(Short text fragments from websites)
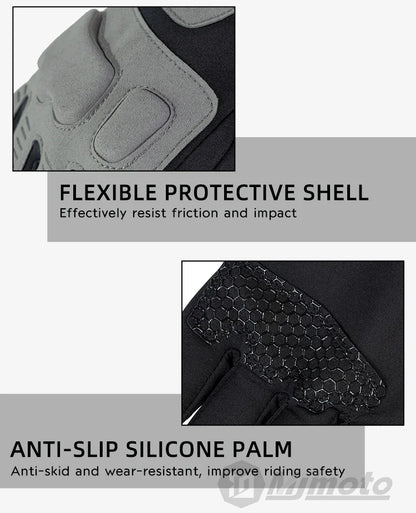 SUOMY Female Motorcycle Gloves Summer Breathable Non-slip Cycling Riding Glove Windproof Sensitive Touch Crashproof Lady Gloves deideas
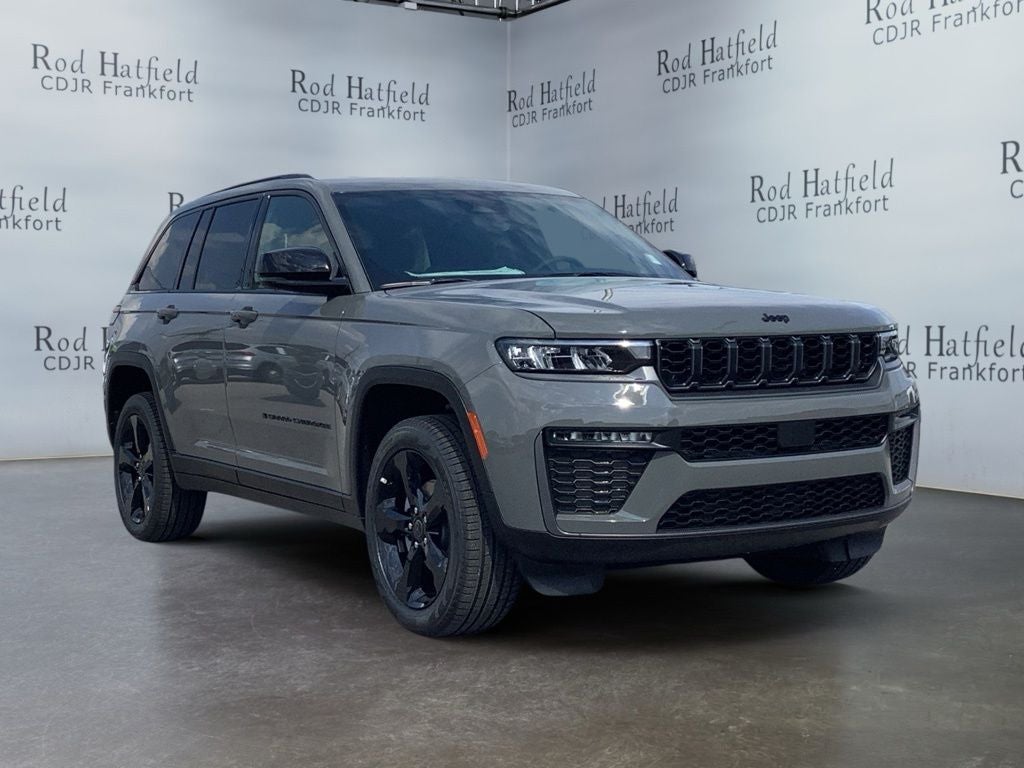 2027 Jeep Grand Cherokee GRAND CHEROKEE LIMITED 4X4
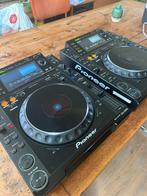 2x cdj 2000 incl flightcase, Ophalen of Verzenden, Gebruikt, Pioneer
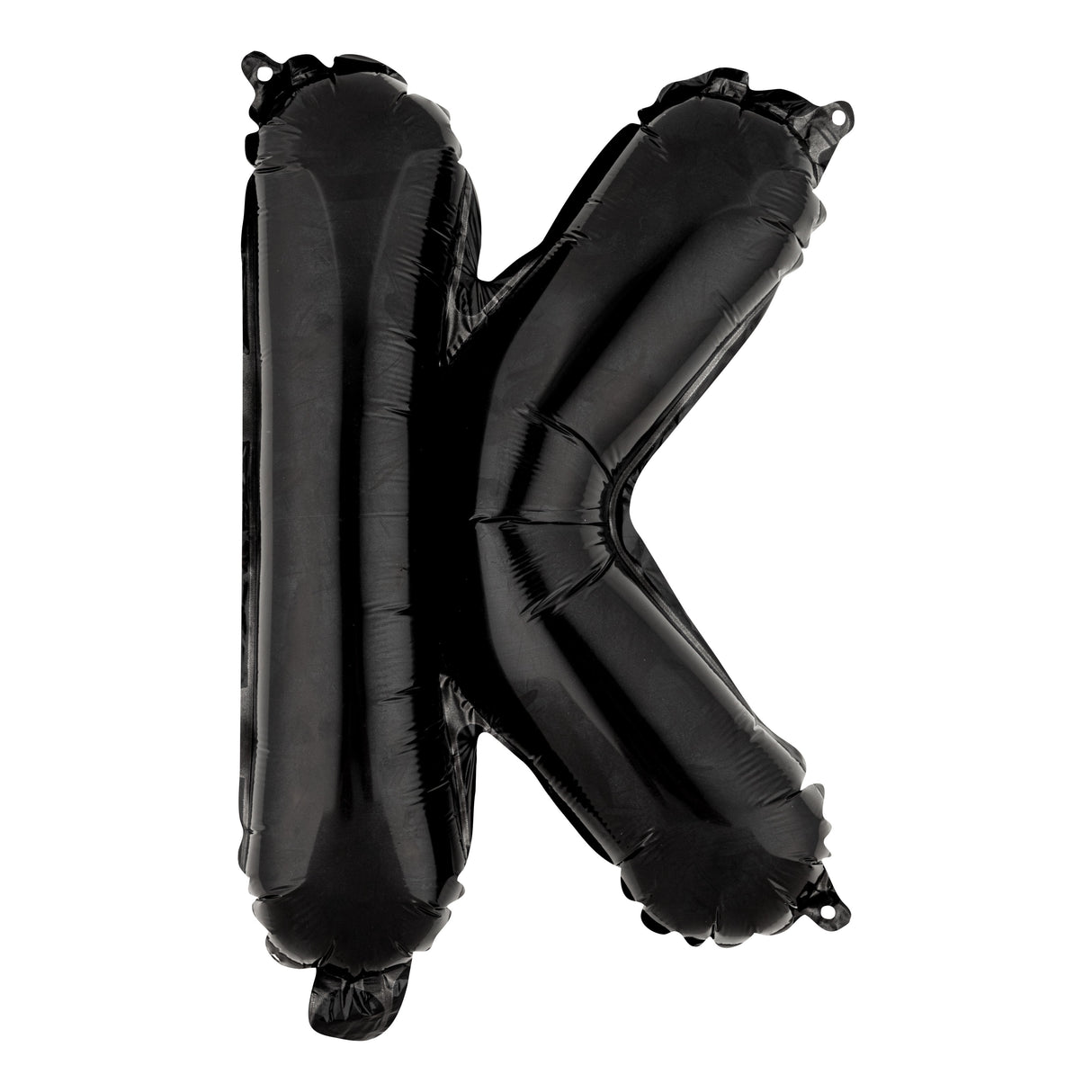 Balloon, Mylar, Balloonify 16 Inch, Letter K, Black,1 - 1 EACH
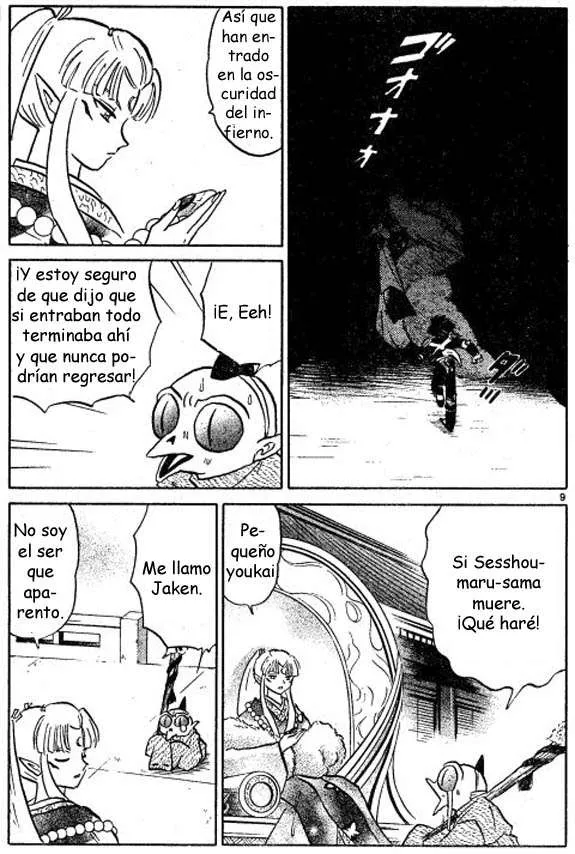Inuyasha Capítulo 469 en Línea - página 9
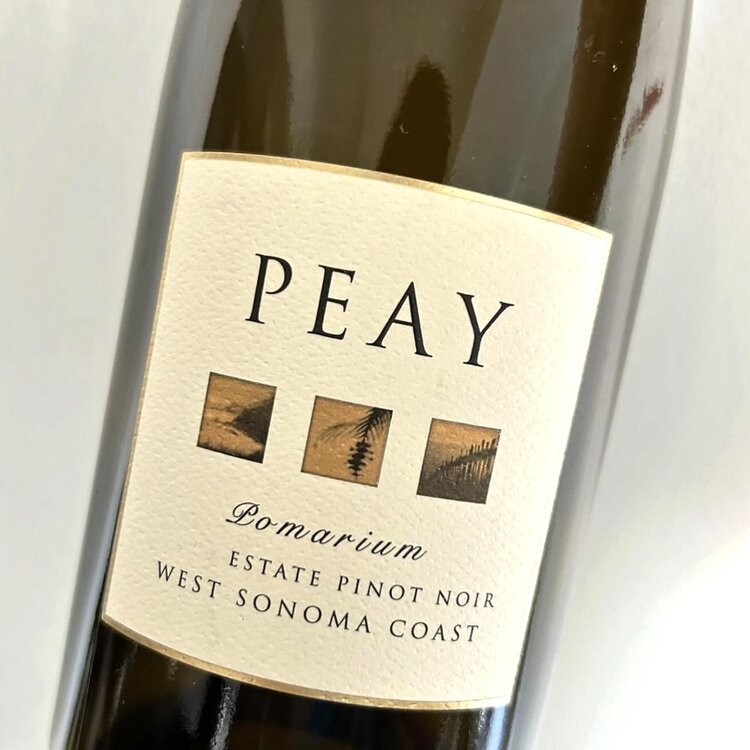 Pinot Noir Pinot Noir, "Pomarium" Peay Vineyards, Sonoma, CA, 2021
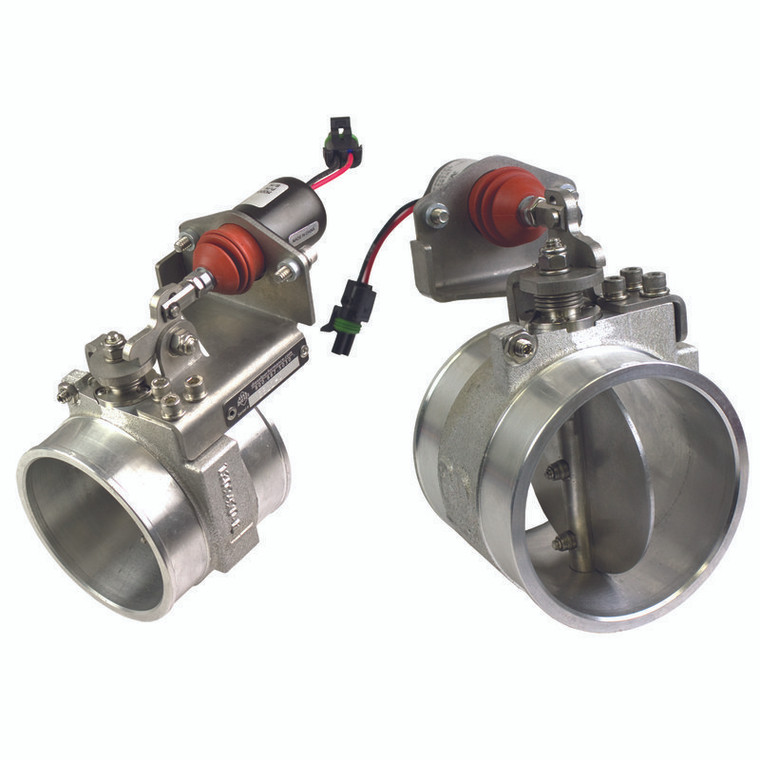 BD Diesel Positive Air Shutdown - 2.0in Generic w/Electronics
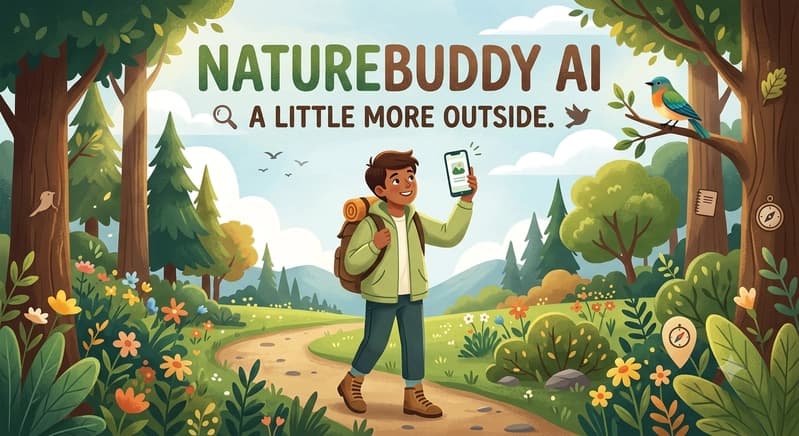 NatureBuddy AI — A Little More Outside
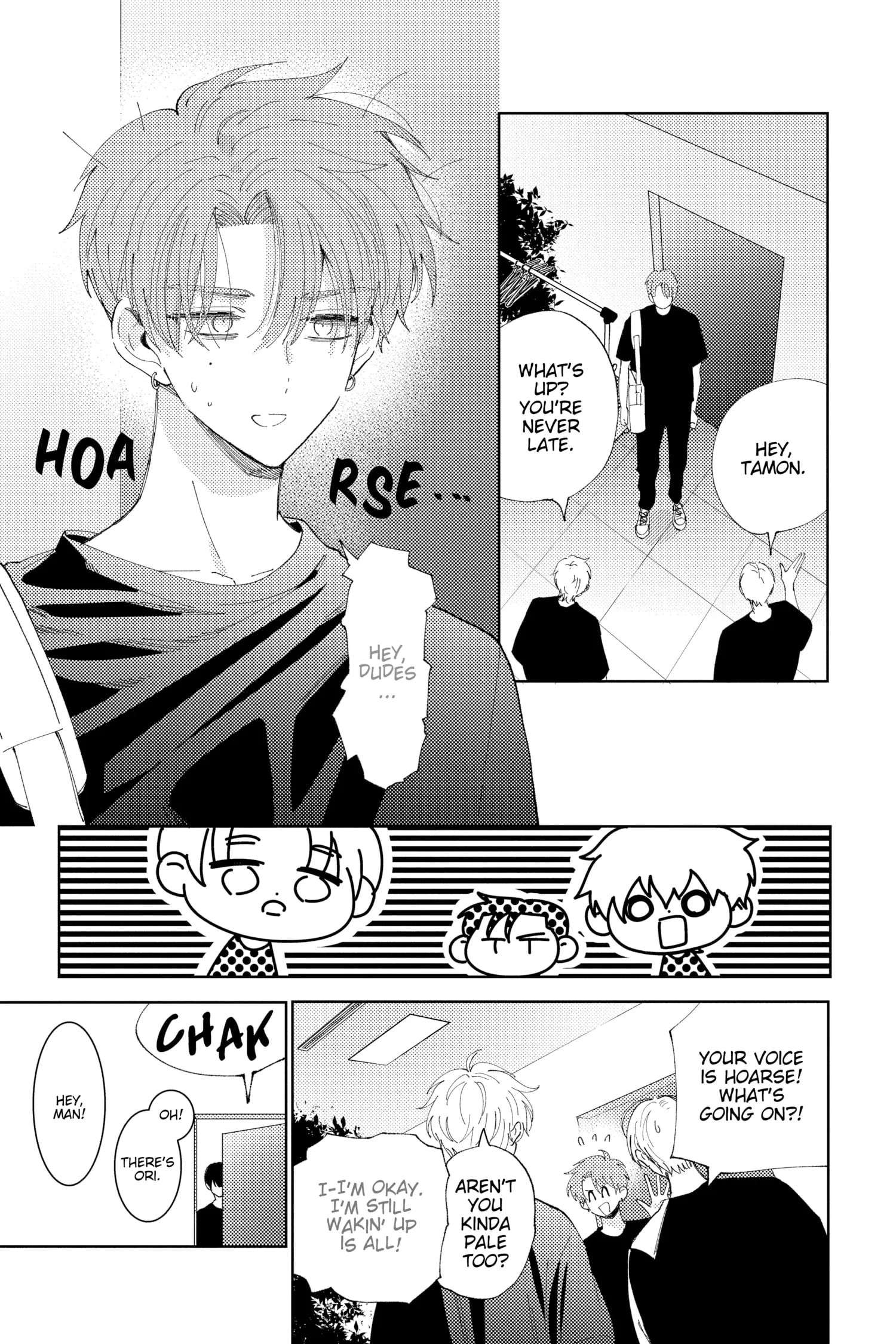 Tamon's B-Side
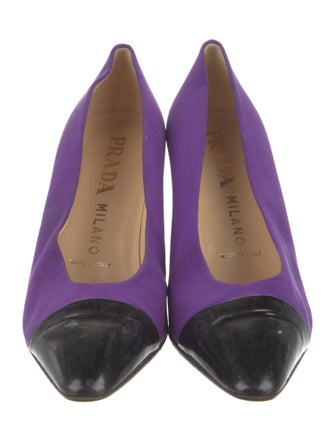 Prada Satin Pumps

■ **TASK DESCRIPTION**
Find the line that contains "Inuyasha Capítulo 469 en Línea - página 9", then write out that line and every line after it through the end of the records, exactly. Leave the pictures out.

■ **EXPECTED ANSWER**
Inuyasha Capítulo 469 en Línea - página 9
 Pinot Noir Pinot Noir, "Pomarium" Peay Vineyards, Sonoma, CA, 2021
 BD Diesel Positive Air Shutdown - 2.0in Generic w/Electronics
 NatureBuddy AI — A Little More Outside
 Tamon's B-Side
 Prada Satin Pumps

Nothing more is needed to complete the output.